=== Source material ===

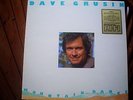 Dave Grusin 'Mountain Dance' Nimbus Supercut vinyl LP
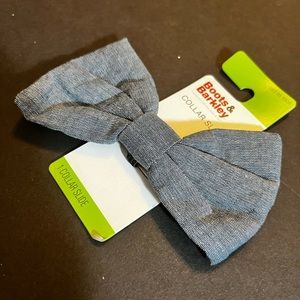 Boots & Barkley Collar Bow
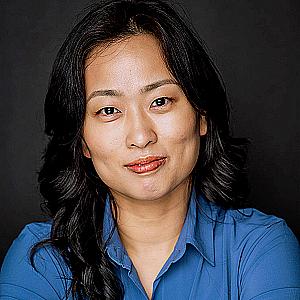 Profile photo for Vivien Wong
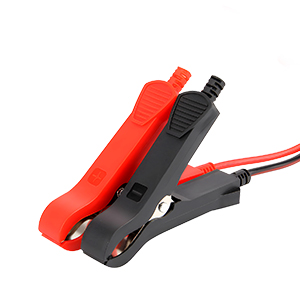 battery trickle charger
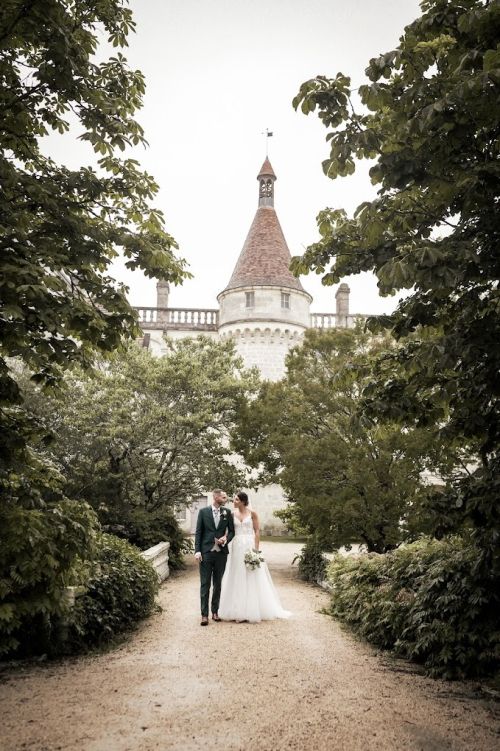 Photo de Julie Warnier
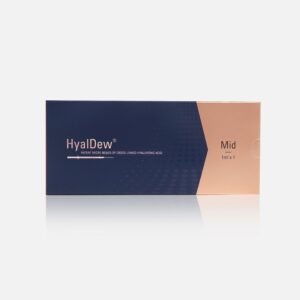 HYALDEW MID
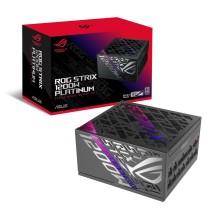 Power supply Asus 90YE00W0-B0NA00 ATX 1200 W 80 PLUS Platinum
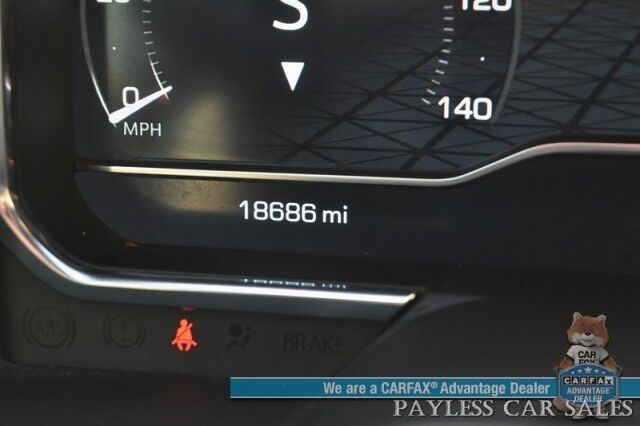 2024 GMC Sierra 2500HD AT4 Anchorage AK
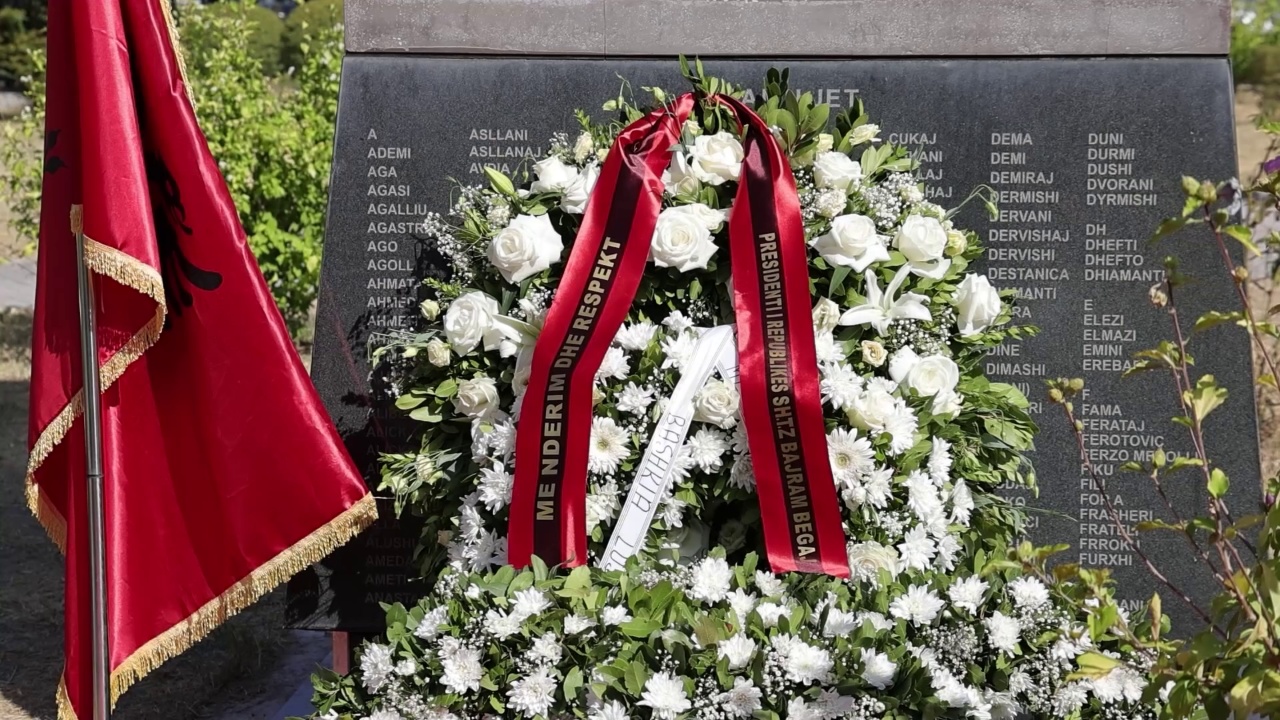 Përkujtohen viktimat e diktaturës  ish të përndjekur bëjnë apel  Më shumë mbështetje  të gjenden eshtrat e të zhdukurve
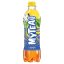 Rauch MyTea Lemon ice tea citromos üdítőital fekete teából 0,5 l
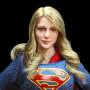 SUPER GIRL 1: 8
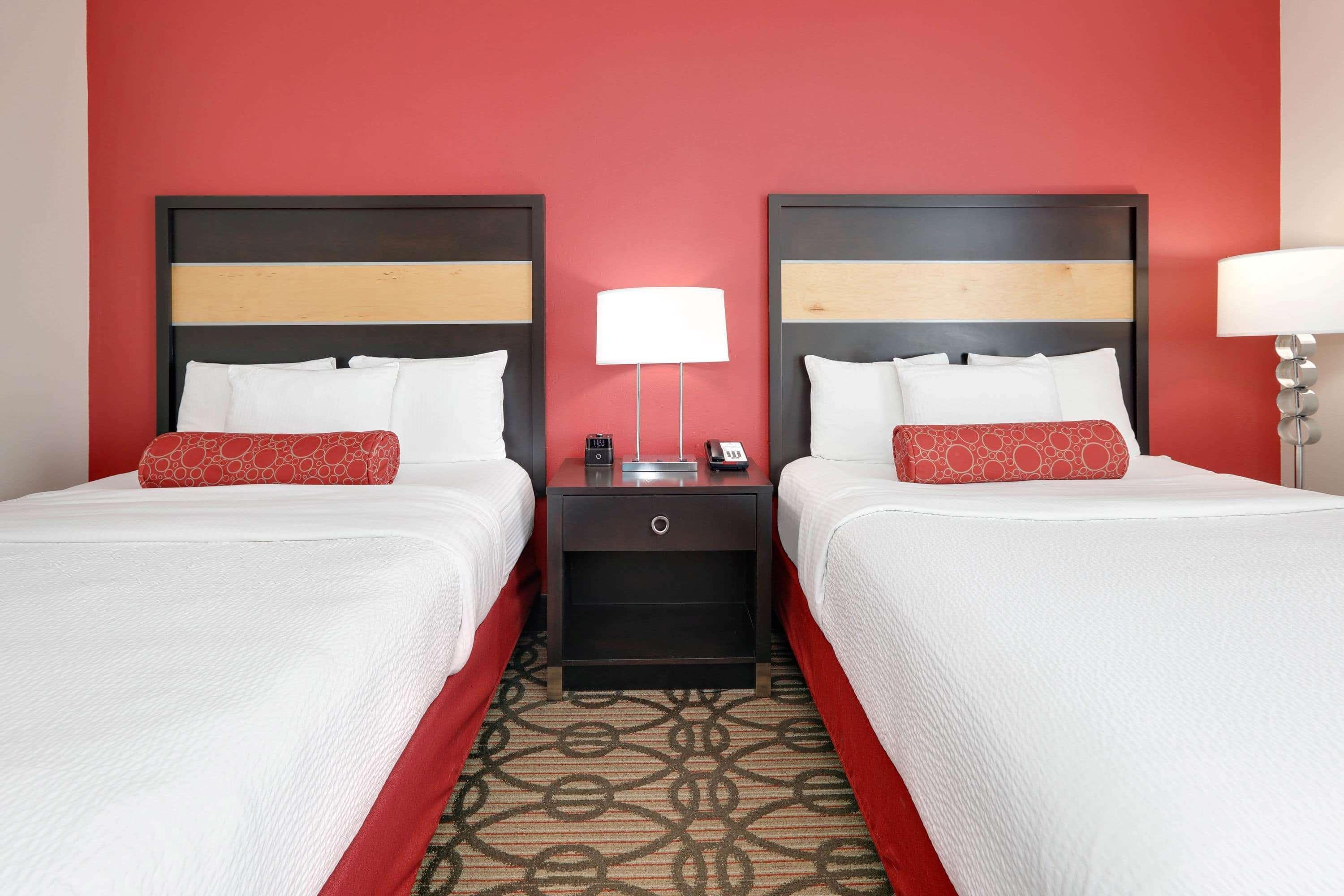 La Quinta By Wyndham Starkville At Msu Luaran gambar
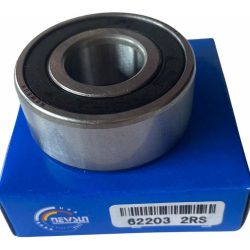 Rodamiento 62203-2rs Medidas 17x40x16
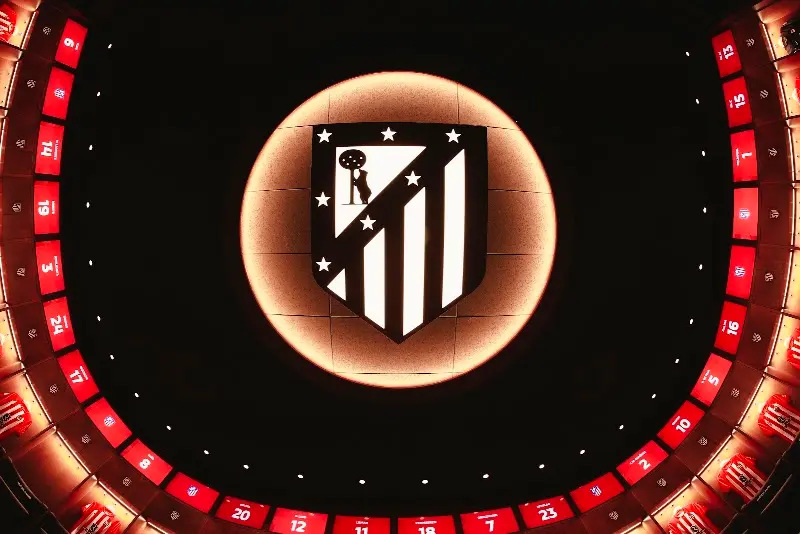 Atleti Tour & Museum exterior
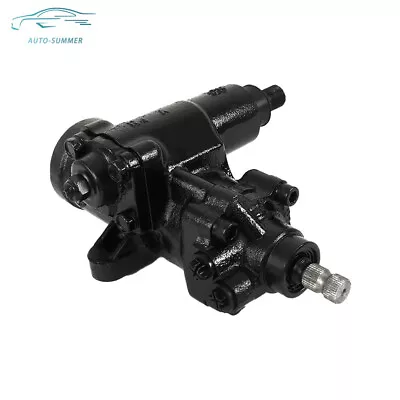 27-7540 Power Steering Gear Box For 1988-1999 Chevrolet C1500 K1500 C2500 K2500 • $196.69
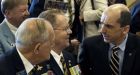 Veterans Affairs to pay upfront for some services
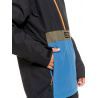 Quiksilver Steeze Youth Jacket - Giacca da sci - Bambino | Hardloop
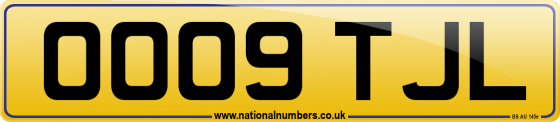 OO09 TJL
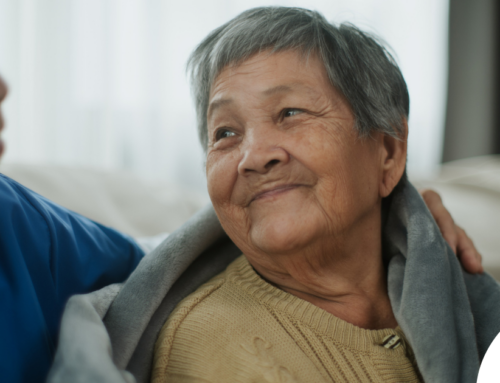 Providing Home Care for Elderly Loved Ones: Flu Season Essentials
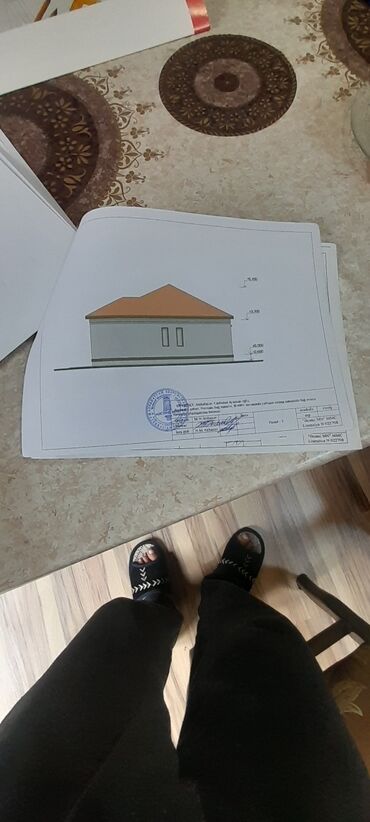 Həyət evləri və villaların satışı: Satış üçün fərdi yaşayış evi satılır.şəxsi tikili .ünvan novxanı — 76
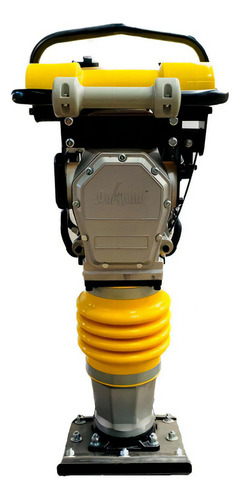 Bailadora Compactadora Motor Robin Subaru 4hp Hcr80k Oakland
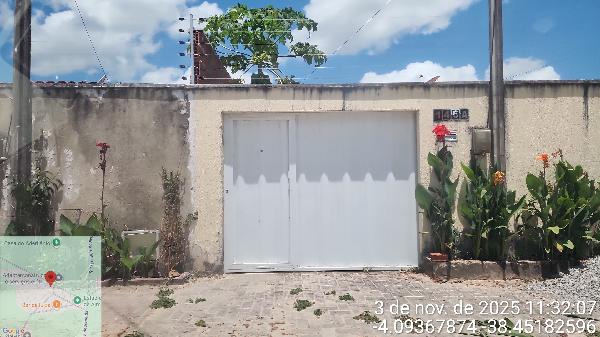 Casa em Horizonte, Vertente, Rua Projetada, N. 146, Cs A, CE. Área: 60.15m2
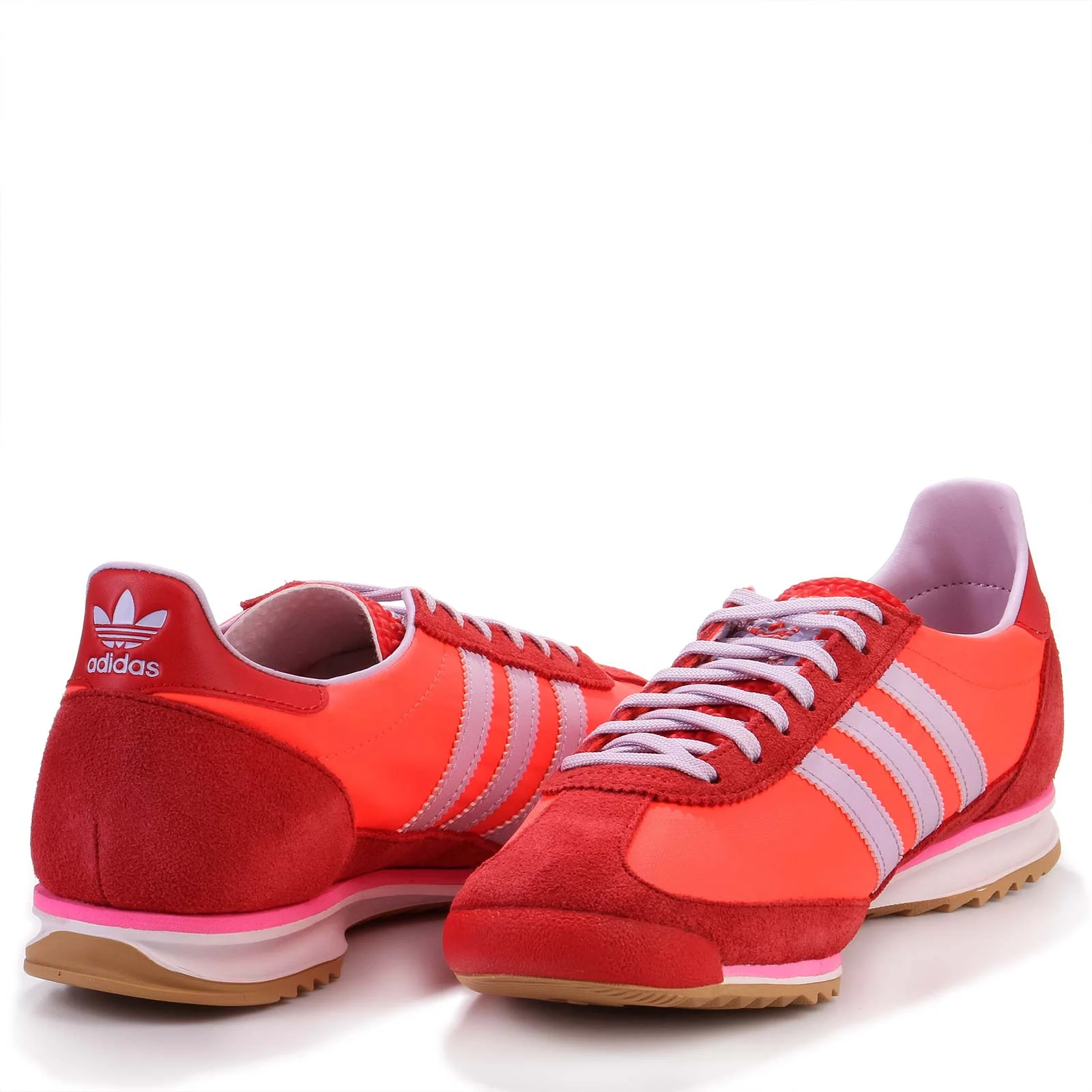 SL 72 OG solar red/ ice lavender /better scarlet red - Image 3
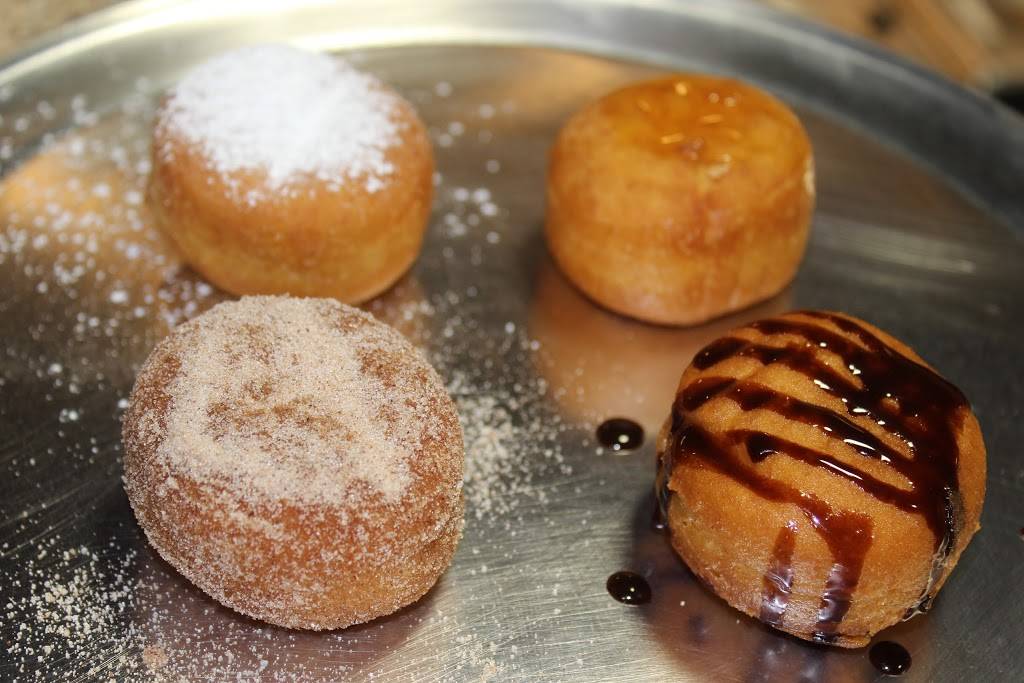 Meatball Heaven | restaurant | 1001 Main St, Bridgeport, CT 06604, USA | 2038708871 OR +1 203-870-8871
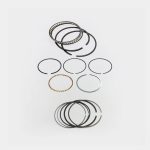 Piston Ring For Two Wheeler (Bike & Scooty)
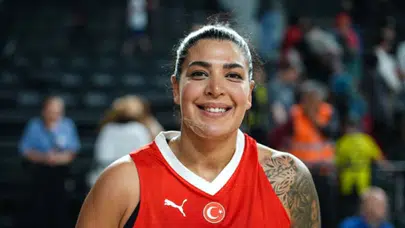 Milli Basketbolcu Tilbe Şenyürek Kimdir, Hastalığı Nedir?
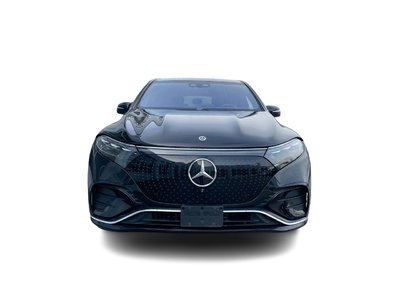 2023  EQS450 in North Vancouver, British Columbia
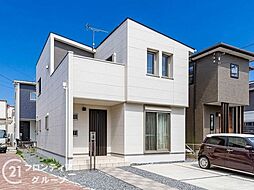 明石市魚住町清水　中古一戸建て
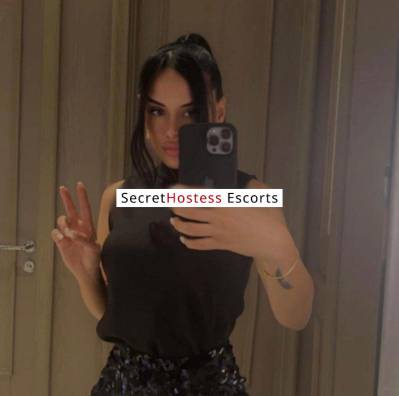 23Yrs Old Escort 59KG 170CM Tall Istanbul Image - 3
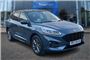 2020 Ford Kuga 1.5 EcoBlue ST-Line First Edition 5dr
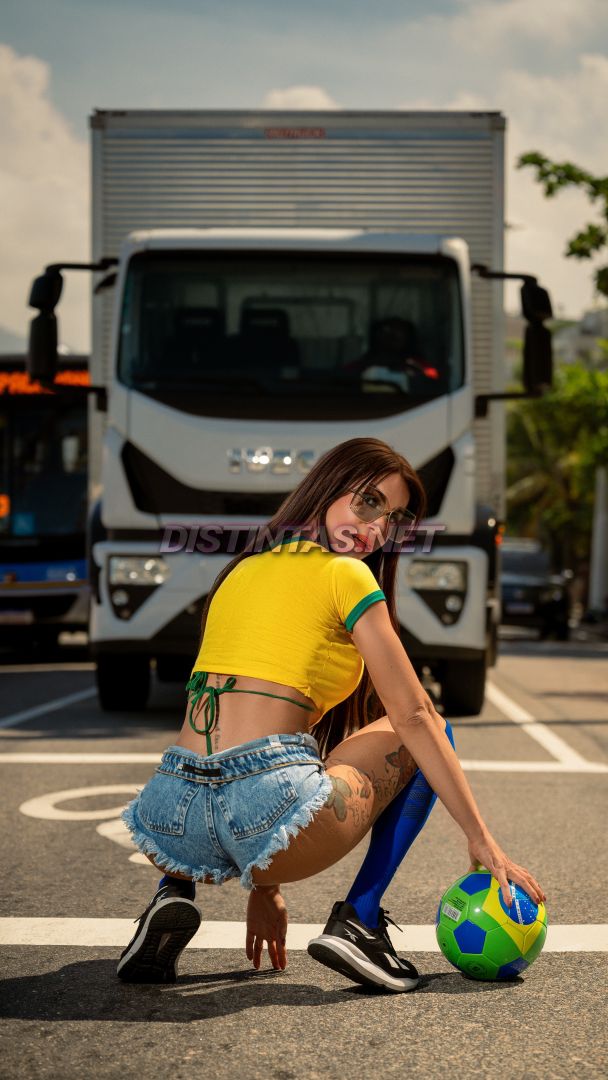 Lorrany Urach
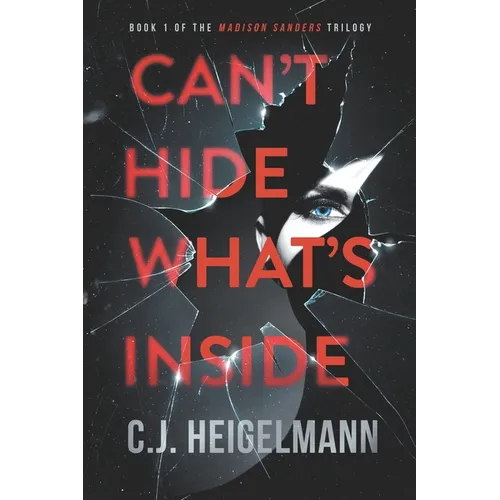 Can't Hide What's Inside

===

Work to be completed
Where the line containing "23Yrs Old Escort" appears in the records above, begin copying and continue exactly through the last line, with nothing else; omit every picture.

Answer to the problem
 23Yrs Old Escort 59KG 170CM Tall Istanbul Image - 3
 2020 Ford Kuga 1.5 EcoBlue ST-Line First Edition 5dr
 Lorrany Urach
 Can't Hide What's Inside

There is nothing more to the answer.